Not sure why I haven't tried them before!


----------



## Kitkat (Jan 25, 2018)

Try the Rio Magdalena from Foundry - really yummy and not light and fruity.


----------



## kennyboy993 (Jan 23, 2017)

Great, thanks everyone.

I just got an excellent decaf from curve recently. I'll try one of their caf offerings next time.

I went Atkinsons in the end though will do dark arts after that and then other curve stuff


----------



## kennyboy993 (Jan 23, 2017)

Kitkat said:


> Try the Rio Magdalena from Foundry - really yummy and not light and fruity.


Really? Great, I will do then cheers


----------



## jonnycooper29 (Apr 11, 2018)

I'm very new to the game so I can't contribute about tasting notes and flavours etc, but pact coffee have been absolutely fantastic in terms of customer service. I really can't praise them enough! I can update with flavours once I've dialled In the grind settings etc.


----------



## IggyK (May 13, 2017)

Quarter Horse Coffee is bangin! Pleased with all the coffees I bought from them.


----------



## cloughy (Apr 11, 2018)

Very pleased with the 'italian job' from Rave and it's also good value. Just ordered some Rio Magdelana from Foundry based on recommendations on here.


----------



## Jony (Sep 8, 2017)

Have you picked one yet?


----------



## Kyle T (Jan 6, 2016)

Jacko112 said:


> This has to my favourite by a long way this year, really fruity & almost boozy https://smallbatchcoffee.co.uk/coffee/bolivia-el-archangel-natural.html
> 
> Even better that they're 2 mins from the office & I can walk in and pick it off the shelf


Wow, I shall be trying his next time I need to order some coffee !


----------



## kennyboy993 (Jan 23, 2017)

Jony said:


> Have you picked one yet?


I went with blue coffee box service in the end as they're the only multi-roaster service that includes decaf from what I can see.

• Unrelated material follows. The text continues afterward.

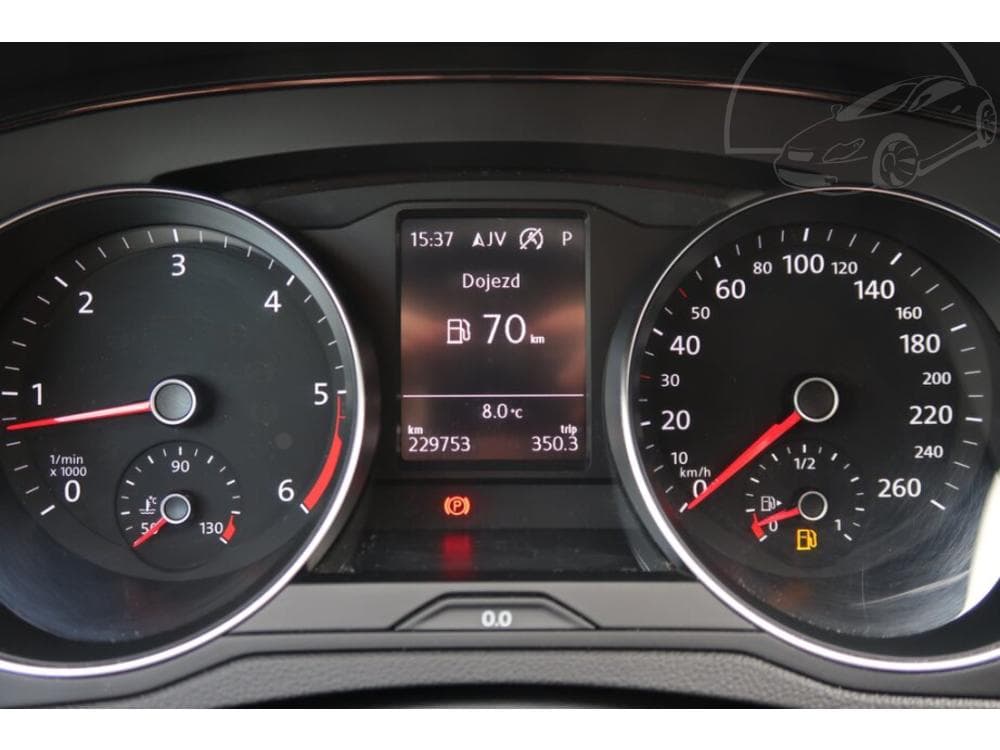 2018 Volkswagen PASSAT - 11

So far so good - great coffees from North Star, rounton and django. Beans that I wouldn't normally go for that I'm really enjoying so all good


----------



## Jony (Sep 8, 2017)

I use both North Star and django gone off NS now.


----------



## Harry8394 (May 1, 2018)

Everything ive had from Clifton Coffee has been decent, pretty cheap as well


----------